К тому же я, возможно, уже слышал, даже от поэтов, что любовь — это нечто более суровое и прекрасное, чем просто доброта, что даже любовь между полами — это, как у Данте, «жена, чей лик вселяет трепет». В любви есть доброта, нелюбовь и доброта не одноименны, и когда доброта (в приведенном выше смысле) отделена от других элементов любви, в ней присутствует некоторое фундаментальное безразличие к ее предмету, и даже нечто вроде презрения к нему. Доброта очень охотно соглашается на устранение своего предмета — нам всем встречались люди, чья доброта к животным постоянно вынуждает их убивать животных, чтобы они не страдали. Доброта как таковая не беспокоится о том, хорошим или плохим становится ее предмет, коль скоро он избежал страдания. Как отмечается в Писании, балуют, как правило, незаконных детей, — законных же, которым надлежит хранить семейные традиции, подвергают наказаниям (Евр. 12:8). Именно для людей, чья судьба нас совершенно не волнует, мы требуем счастья на любых условиях; что же касается наших друзей, возлюбленных и детей, то тут мы требовательны, и скорее примиримся с немалыми их страданиями, чем с таким счастьем, которое нам чуждо и которое мы презираем. Если Бог есть Любовь, то Он, по определению, есть нечто большее, чем доброта. И судя по всему, что об этом написано. Он часто упрекал и осуждал нас, но никогда не относился к нам с презрением. Он продемонстрировал уважение к нам Своей любовью, в ее самом глубоком, самом трагическом и самом неизбежном смысле.

Разумеется, отношение между Творцом и тварью уникально, и ему нет параллели в отношении одной твари к другой. Бог одновременно дальше от нас и ближе к нам, чем любое другое существо. Он дальше от нас, потому что сама разница между тем, кто имеет первооснову Своего бытия в Самом Себе и тем, кому эту первооснову нужно придать, такова, что в сравнении с ней разница между архангелом и червем незначительна. Он создатель, а мы — создание. Он оригинал, а мы — производное. Но в то же время и по той же причине близость между Богом и злейшей из тварей теснее, чем любая близость между двумя тварями. Наша жизнь каждое мгновение поступает к нам от Него, наша крошечная и чудом существующая сила свободной воли действует лишь на тела, бытие которых поддерживается постоянным притоком Его энергии — самая наша способность мыслить есть Его сила, сообщенная нам. Подобные уникальные взаимоотношения можно изъяснить лишь апологиями: от разных типов любви, существующих между тварями, мы восходим к неадекватной, по полезной концепции любви Бога к человеку.

Самый низкий тип, к которому слово «любовь» применимо лишь в расширительном смысле, есть чувство, питаемое художником к своему произведению.
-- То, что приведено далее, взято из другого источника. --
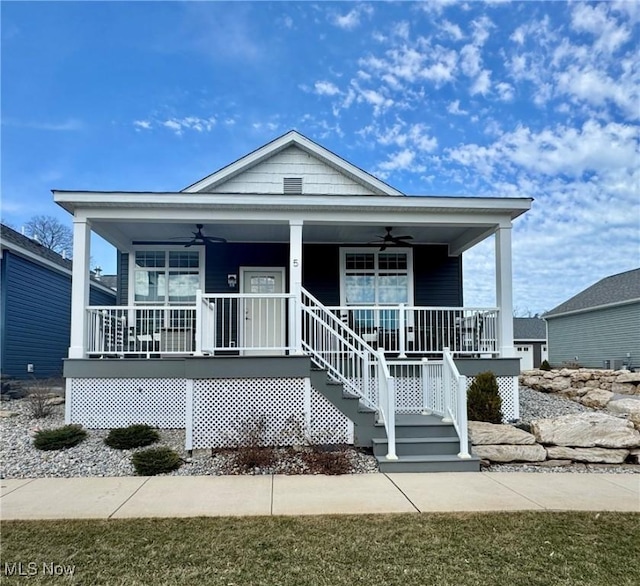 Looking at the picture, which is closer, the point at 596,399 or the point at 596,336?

Отношение Бога к человеку описано в этих терминах в видении Иеремии о горшечнике и глине, или в том месте, где Петр говорит обо всей церкви как о здании, над которым работает Бог, а о ее индивидуальных членах— как о камнях. Ограниченность подобной аналогии состоит, конечно же, в том, что в символическом изображении объект действия лишен сознания, и что в связи с этим некоторые вопросы справедливости и милосердия, возникающие в том случае, если «камни» и впрямь «живы», аналогией не отражаются. Но при всем при том это довольно важная аналогия. Ведь мы, не метафорически, а по самой истине, представляем собой Божественное произведение искусства, нечто создаваемое Богом, и поэтому нечто, чем Он не будет удовлетворен, пока оно не приобретет определенные черты. Здесь мы вновь наталкиваемся на то, что я именую «невыносимым комплиментом». Художник не будет вкладывать особые усилия в эскиз, лениво набросанный на потеху ребенку, — он может махнуть на него рукой, даже если он и не вполне удался. Но над величайшей картиной всей своей жизни, над произведением, которое он, хотя и поиному, любит так же сильно, как мужчина любит женщину или мать — ребенка, он будет трудиться без конца и, несомненно, обладай она сознанием, он причинил бы ей этим бесконечное беспокойство. Можно вообразить себе, как обладающая сознанием картина, после того, как ее растирали, скребли и начинали сначала в десятый раз, мечтает о том, чтобы быть попросту грубым наброском, на исполнение которого уходит минута. Подобным же образом, для нас естественно сетовать на то, что Бог не создал нас для менее славной и подвижнической судьбы, но в таком случае мы желаем не большей любви, а меньшей.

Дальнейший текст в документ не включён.